- Born: December 6, 1881 Philadelphia, Pennsylvania, US
- Died: February 15, 1959 (aged 77) Torrington, Connecticut, US
- Occupations: Illustrator, writer
- Years active: 1906–1942

= Helen Knipe Carpenter =

American novelist

Helen Knipe Carpenter (December 6, 1881 – February 15, 1959) was an illustrator and writer active in the early 20th century noted for her Art Nouveau illustrations and her adaptations of stage plays to novels.

Born Helen Alden Knipe on December 6, 1881, in Philadelphia, Pennsylvania, a granddaughter of the novelist T. S. Arthur, she studied at the Pennsylvania Academy of the Fine Arts under the tutelage of William Merritt Chase, Hugh Henry Brackenridge and Thomas Pollock Anshutz.

She married writer, playwright, and director Edward Childs Carpenter on June 1, 1907, in Philadelphia where they lived and worked for a number of years, summering in Connecticut.

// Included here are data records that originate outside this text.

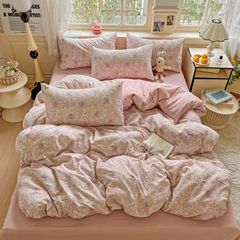 4Pcs Cloud Linen | Set Đũi Mây Phong cách trẻ trung hiện đại | ID 4PCSCLOUDLINE05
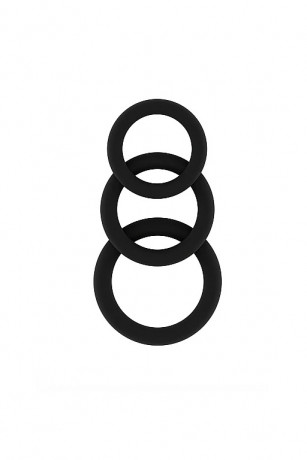 Универсальный комплект из 3 колец разного диаметра 25 Cockring Set
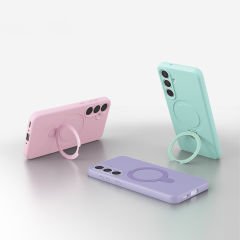 Samsung Galaxy S25 FE Kılıf Kablosuz Şarj Özellikli Standlı Samara Kapak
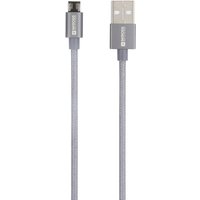 Skross - USB-Kabel usb 2.0 usb-a Stecker 1.20 m Space Grau Rund, Flexibel, Stoff-Ummantelung SKCA0010A von Skross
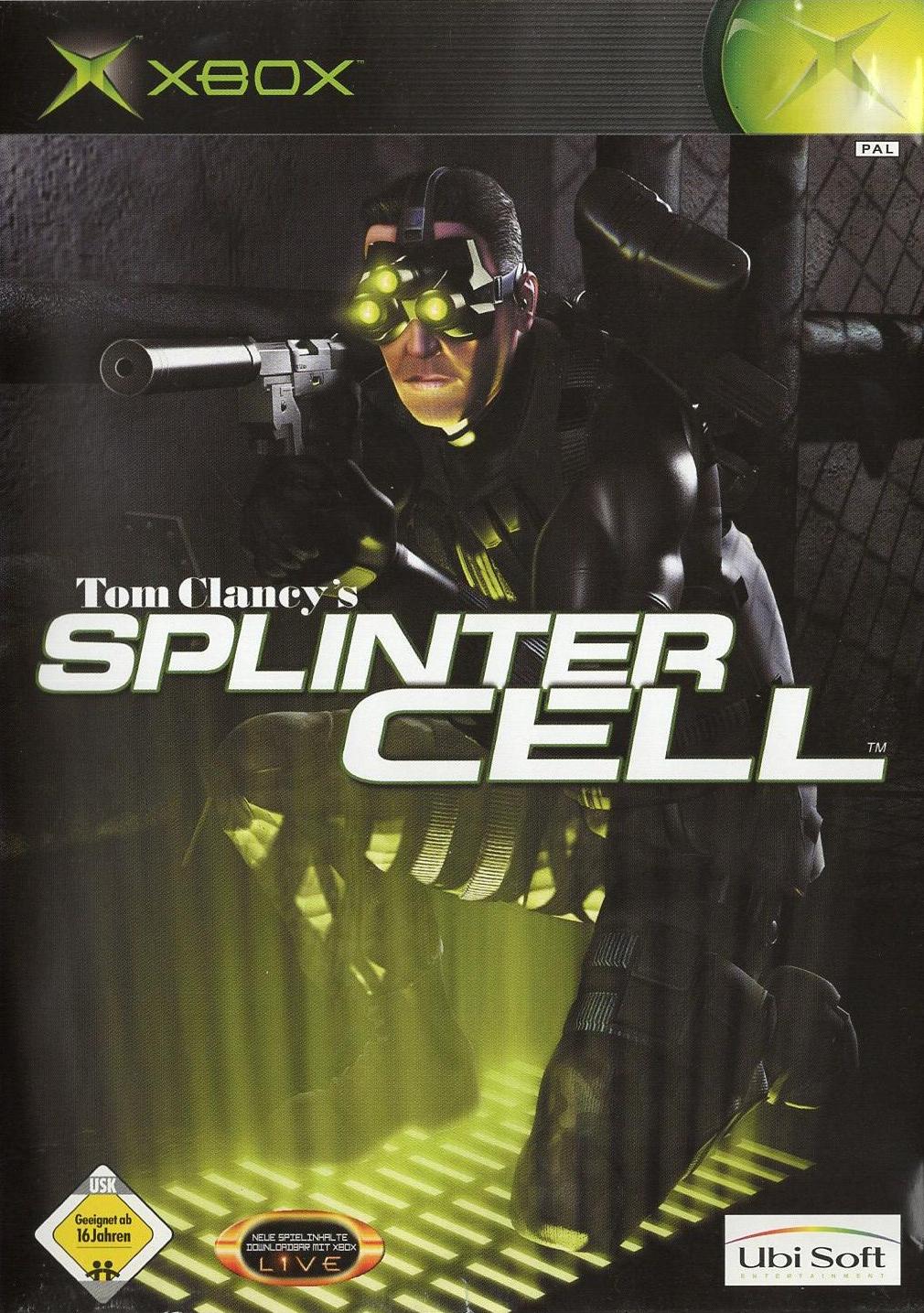 Tom Clancy's Splinter Cell - Xbox Vorderseite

Her works span the period from the late Art Nouveau period through the 1940s.

==Works==

- Illustrator

| Year | Title |
|---|---|
| 1906 | Idelle Phelps, Your Health |
| 1907 | Dwight Burroughs, Jack, the Giant Killer, Jr. with Elenore Plaisted Abbott |
| 1908 | Millicent Olmsted, The Land of Never Was, Being the Adventures of Great-A, Little-a, and Bouncing B with Elenore Plaisted Abbott |
| 1909 | Millicent Olmsted, The Land of Really True, Being the Everyday Life of Great-A, Little-a, and Bouncing B with Elenore Plaisted Abbott |
| 1911 | Elbridge Hosmer Sabin, The Magical Man of Mirth with Elenore Plaisted Abbott |
| 1911 | Elbridge Hosmer Sabin, Queen of the City of Mirth with Elenore Plaisted Abbott |
| 1920 | Nathaniel Hawthorne, A Wonder Book and Tanglewood Tales with Elenore Plaisted Abbott |

- Author

| Year | Title |
|---|---|
| 1916 | The Cinderella Man, A Romance of Youth (book), based on the stage play by Edward Childs Carpenter |
| 1932 | Whistling in the Dark (book), based on the stage play by Laurence Gross and Edward Childs Carpenter |
| 1942 | Shylock's Daughter (play), with Edward Childs Carpenter |

Carpenter died on February 15, 1959, in Litchfield, Connecticut. She and her husband Edward Childs Carpenter are interred in Town Hill Cemetery in New Hartford, Connecticut.